Lead Poisoning Awareness Week Documentary Screening of "Hiding in the Walls

In recognition of Lead Poisoning Awareness Week (October 22-28), on Thursday, October 26, at 7 p.m., we invite you to attend a free screening of Hiding in the Walls (2022), an award-winning documentary from Baltimore natives David Sebastiao and Angel King Wilson. The film, which premiered in 2022 at the Maryland International Film Festival, unwinds the fraught history of lead paint and explains how lead poisoning became the norm in cities like Baltimore. A Q&A with the film creators will follow.

About Hiding in the Walls:

Millions of people in America today are living with lead poisoning or complications from chronic lead exposure. Lead-based products — especially paint — are commonplace in houses built before the 1970s, and prolonged exposure can have detrimental effects on health, brain development, and cognitive functioning. A child with lead poisoning is more likely than their peers to struggle academically, experience behavioral issues, and even have interactions with the criminal justice system. Yet despite its known risks, the use of lead-based paint in American homes persisted for more than 50 years after it was banned by the League of Nations in 1922.

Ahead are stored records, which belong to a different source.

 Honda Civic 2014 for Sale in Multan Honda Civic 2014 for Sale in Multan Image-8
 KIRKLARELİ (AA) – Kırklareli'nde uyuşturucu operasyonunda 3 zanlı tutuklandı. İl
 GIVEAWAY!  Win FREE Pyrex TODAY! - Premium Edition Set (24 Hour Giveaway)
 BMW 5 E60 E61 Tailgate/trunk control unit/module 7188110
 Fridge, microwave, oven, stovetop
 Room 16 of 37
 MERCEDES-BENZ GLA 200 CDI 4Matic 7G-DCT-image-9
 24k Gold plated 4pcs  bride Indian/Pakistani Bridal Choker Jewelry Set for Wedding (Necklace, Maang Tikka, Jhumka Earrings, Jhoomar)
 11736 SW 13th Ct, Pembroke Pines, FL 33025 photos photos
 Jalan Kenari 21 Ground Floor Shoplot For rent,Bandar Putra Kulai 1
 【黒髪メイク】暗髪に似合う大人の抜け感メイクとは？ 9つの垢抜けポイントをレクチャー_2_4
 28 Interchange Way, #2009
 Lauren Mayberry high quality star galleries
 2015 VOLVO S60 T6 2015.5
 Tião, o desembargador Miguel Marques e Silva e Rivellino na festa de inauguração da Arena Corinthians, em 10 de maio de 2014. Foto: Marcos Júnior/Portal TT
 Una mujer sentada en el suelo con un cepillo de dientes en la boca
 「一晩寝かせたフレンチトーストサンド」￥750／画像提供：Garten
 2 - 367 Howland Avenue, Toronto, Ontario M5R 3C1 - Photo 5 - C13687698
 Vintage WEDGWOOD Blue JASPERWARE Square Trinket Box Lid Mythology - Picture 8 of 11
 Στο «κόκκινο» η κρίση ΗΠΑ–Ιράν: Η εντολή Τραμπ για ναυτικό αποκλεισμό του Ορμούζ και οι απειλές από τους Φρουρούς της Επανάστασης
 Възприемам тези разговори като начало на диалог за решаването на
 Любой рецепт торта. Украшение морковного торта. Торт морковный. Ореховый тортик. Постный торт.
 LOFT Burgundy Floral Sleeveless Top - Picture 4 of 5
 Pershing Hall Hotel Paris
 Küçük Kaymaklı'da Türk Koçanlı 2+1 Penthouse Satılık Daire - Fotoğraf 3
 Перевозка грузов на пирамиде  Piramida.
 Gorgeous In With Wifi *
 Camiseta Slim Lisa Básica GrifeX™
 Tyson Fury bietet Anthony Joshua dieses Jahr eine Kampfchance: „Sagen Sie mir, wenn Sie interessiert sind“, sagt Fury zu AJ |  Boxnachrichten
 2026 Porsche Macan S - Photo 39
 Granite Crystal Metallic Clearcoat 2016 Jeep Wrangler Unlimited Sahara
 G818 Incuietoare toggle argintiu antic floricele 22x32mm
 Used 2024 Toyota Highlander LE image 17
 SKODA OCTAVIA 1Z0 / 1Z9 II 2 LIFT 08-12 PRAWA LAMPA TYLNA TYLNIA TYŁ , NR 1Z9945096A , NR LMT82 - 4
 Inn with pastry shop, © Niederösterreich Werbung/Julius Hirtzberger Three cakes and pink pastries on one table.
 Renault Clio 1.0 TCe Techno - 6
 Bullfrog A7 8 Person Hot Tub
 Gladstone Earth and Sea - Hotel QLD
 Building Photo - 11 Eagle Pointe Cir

In cities like Baltimore, Maryland, where the history of lead paint coincides with a history of racially discriminatory housing policies, the ongoing epidemic of lead poisoning has had a lopsided effect on black communities and neighborhoods of concentrated poverty. The growing awareness of lead’s developmental impacts have created a harmful stigma for lead poisoning survivors, and a destructive financial industry has emerged to prey on those who have been awarded legal settlements.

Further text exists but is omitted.